# keeping velvet on?



## carp_killer (Nov 24, 2006)

i have a set of antlers froma 150 class deer that i would like to keep the velvet on if its possible. is there any way to do this?


----------



## Matt Jones (Mar 6, 2002)

Yes, take them to a taxidermist. There is a product called preservz-it they can inject into the velvet that will stop it from rotting and preserve it.

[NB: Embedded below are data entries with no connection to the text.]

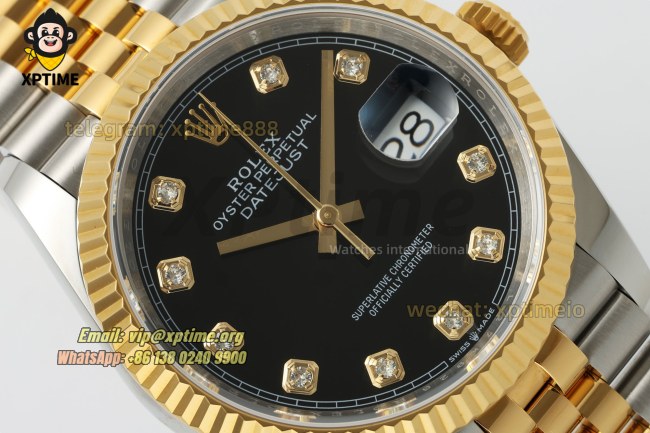 Datejust 126233 36mm ARF Black/Diamond on Jub YG/SS Bracelet SH3235 Super Clone Datejust 126233 36mm ARF Black/Diamond on Jub YG/SS Bracelet SH3235 Super Clone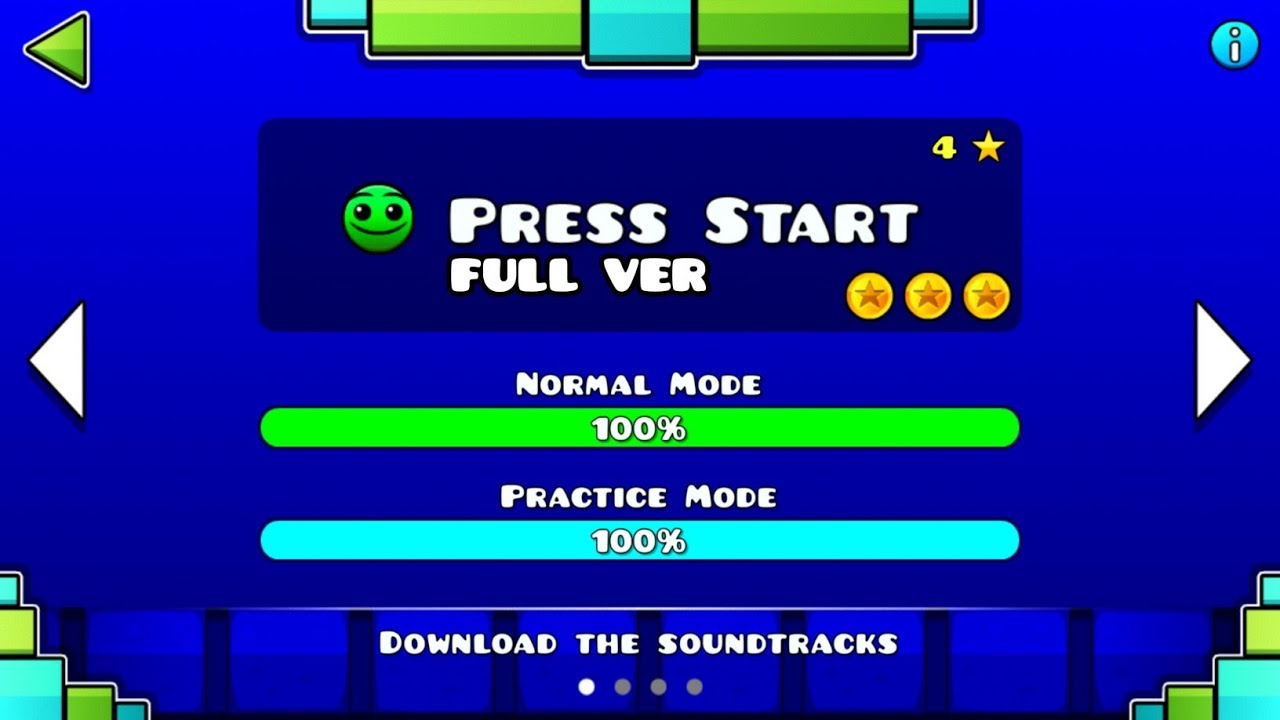 Geometry Dash SubZero Press Start FULL VER All Coin Partition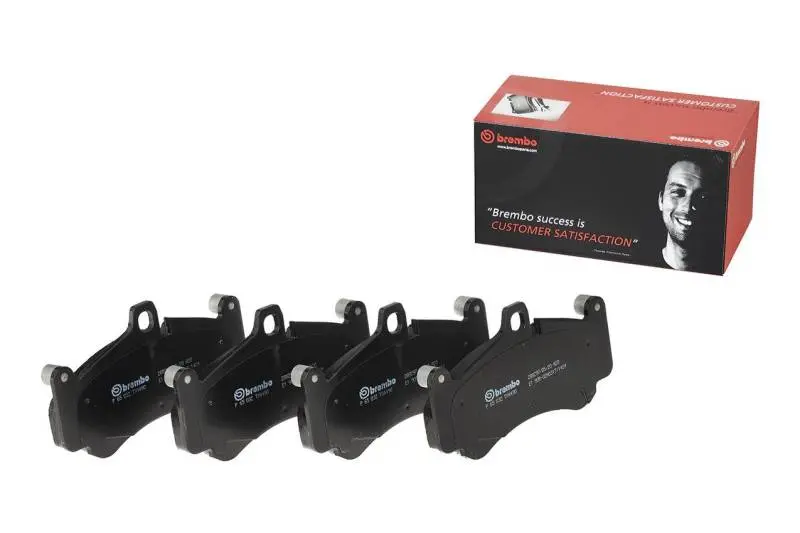 Brembo Front Ceramic Brake Pads – Nao Premium Compound, Oe Equivalent For 2017–2020 Audi A4 1
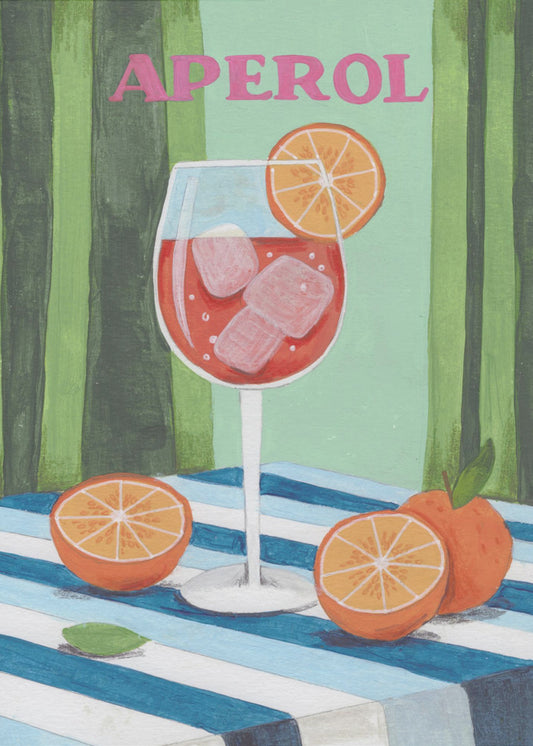 Aperol Spritz Cocktail | Poster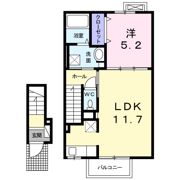 プラシード カーサIの間取り画像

Store them in a freezer until you can get them in. Velvet is very susceptible to spoiling. They need to be frozen or injected right away...otherwise the velvet will be toast.


----------



## boranger (Mar 11, 2008)

you can get them freezedryed.that is how we do it in my taxidermy shop. :beer:


----------



## Hick-From-Hell (Mar 18, 2008)

The bigger question is how fid you get a 150 class deer already when season does not open till next weekend?


----------



## blhunter3 (May 5, 2007)

North Dakota??????


----------



## Hick-From-Hell (Mar 18, 2008)

He is from central MN, but could be?


----------



## Goosehauler23 (Apr 7, 2008)

I heard if you store them in a freezer for about 3 months or so then rub them down good with borax, they wont rot. My buddy did this last year and he still has it on the wall.


----------



## carp_killer (Nov 24, 2006)

blhunter got the answer for were it came from right. it was a good spot he showed me out there


----------



## Steelpuck18 (Sep 16, 2008)

i have heard that there is a spray that you can use. im not sure how well it would work though.


----------